Home Inns, 7 Days In Travel Slowdown 中国酒店行业增速放缓

Leading hotel operators Home Inns (Nasdaq: HMIN) and 7 Days (NYSE: SVN) have just reported their latest quarterly results that show a looming slowdown in China’s fast-growing travel sector, reinforcing a similar picture to emerge last week from rival China Lodging (Nasdaq: HTHT). The slowdown appears to be the result of several factors, most notably a massive expansion spree by not only these budget hotel specialists but also by big global high-end brands like Marriott (NYSE: MAR) and Intercontinental (London: IHG) in China. The other big factor is China’s broader economic slowdown, which has undercut demand as both leisure and business travelers cut back on their spending.

If past experience is any indicator, 2013 is likely to be a weak year for the highly cyclical industry, but we could see a nice rebound in 2014 as the economy recovers. Accordingly, any investors looking to buy into the rebound might wait until the middle of this year, by which time a looming sell-off sparked by this latest series of downbeat earnings reports is likely to ease.

All that said, let’s take a look at the latest reports from Home Inns and 7 Days, the latter of which is in the process of de-listing its share from the New York Stock Exchange in a privatization bid.

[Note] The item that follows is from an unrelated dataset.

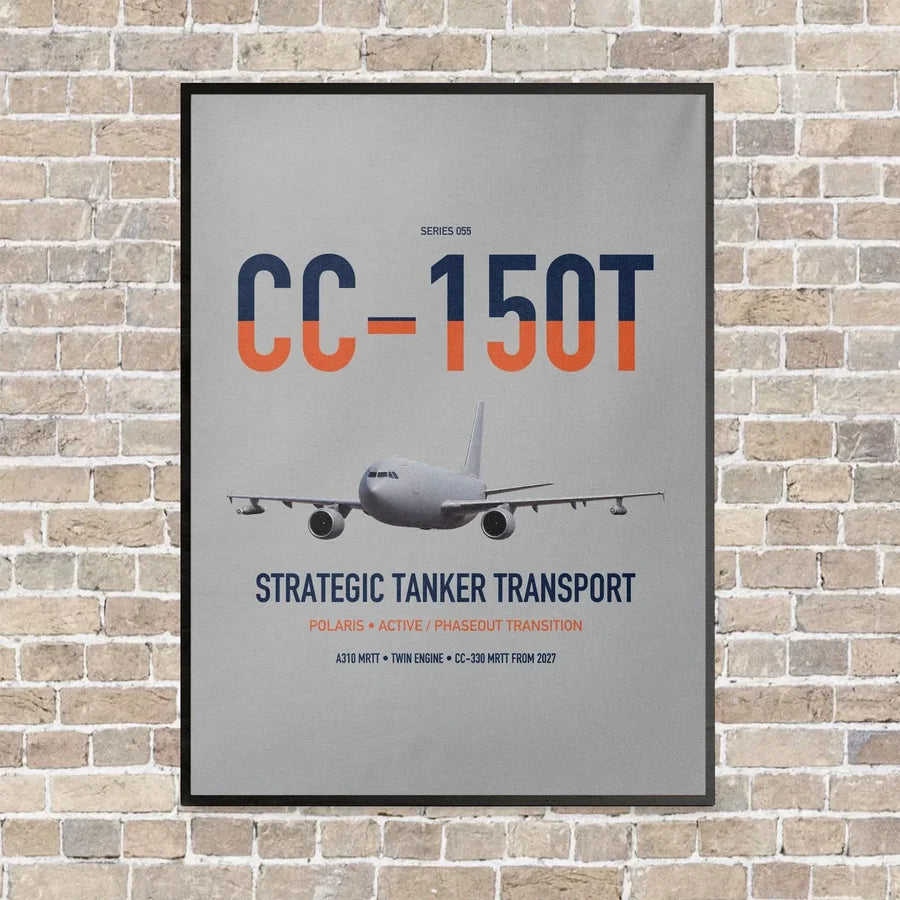 Airbus CC-150T Polaris vertical canvas print - framed - light gray background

Both companies reported that growth slowed in the fourth quarter of last year, and forecast further slowdowns in the current year, echoing similar sentiment last week from China Lodging, operator of the Hanting chain of hotels. (previous post)

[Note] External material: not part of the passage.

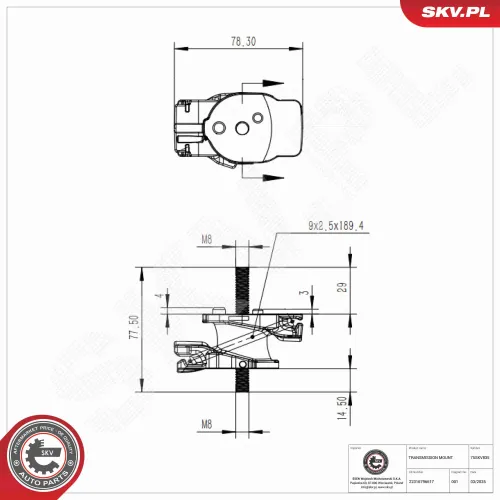 Lagerung, Schaltgetriebe hinten ESEN SKV 75SKV835 Bild Lagerung, Schaltgetriebe hinten ESEN SKV 75SKV835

Let’s look first at Home Inns, China’s largest publicly listed hotel operator, whose revenue increased about 12 percent in the fourth quarter — a sharp slowdown from the 46 percent growth it posted for all of 2012. (results announcement) The company’s net income for the quarter plunged 80 percent and it actually reported a net loss for the full year, dragged down by the loss-making operations of its recently acquired Motel 168 chain. It forecast revenue growth would remain sluggish this year, rising about 16 percent from 2012.

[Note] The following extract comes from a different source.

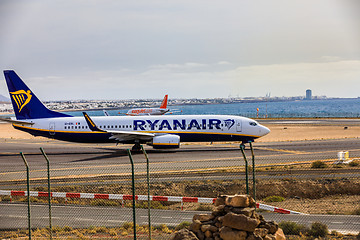 Image showing ARECIFE, SPAIN - APRIL, 15 2017: Boeing 737-800 of RYANAIR with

After plunging as low as $17 last summer, Home Inns shares have rebounded strongly and now trade at around $30. The shares were largely unchanged after this latest report came out, but I suspect they will come under pressure in the months ahead as its growth continues to slow.

Meantime, 7 Days’ results looked slightly better, with fourth-quarter revenue up 28 percent, the same as the growth rate for the entire year. The company’s profit grew nearly 8 percent, which was down sharply from the 36 percent gain for the whole year. Like Home Inns, 7 Days forecast revenue would rise about 16 percent for the year, or only about half of 2012’s growth rate.

As I’ve said above, the results from all 3 of China’s US listed hotel operators point to a similar slowdown that is quite common for this sector. All 3 companies are taking advantage of that slowdown to position themselves for the next uptick, most notably by embarking on major new building sprees. China Lodging plans to expand its hotel count by about a third this year, and Home Inns and 7 Days plan to increase their count by about 20 percent and 27 percent, respectively. Home Inns also recently entered into an agreement with outdoor advertising specialist Tiger Media to sell billboard space on its properties, providing a strong potential new source of revenue.

All things considered, the sector and these stocks are likely to sink from their recent highs in the months ahead as the current downturn sets in. But I do expect to see the situation start to improve by about this time next year, at which time all 3 companies should be well positioned to capitalize on the next industry uptick.

Bottom line: The latest results from Home Inns and 7 Days point to a growing hotel industry slowdown which should last most of this year, with the next uptick likely by mid 2014.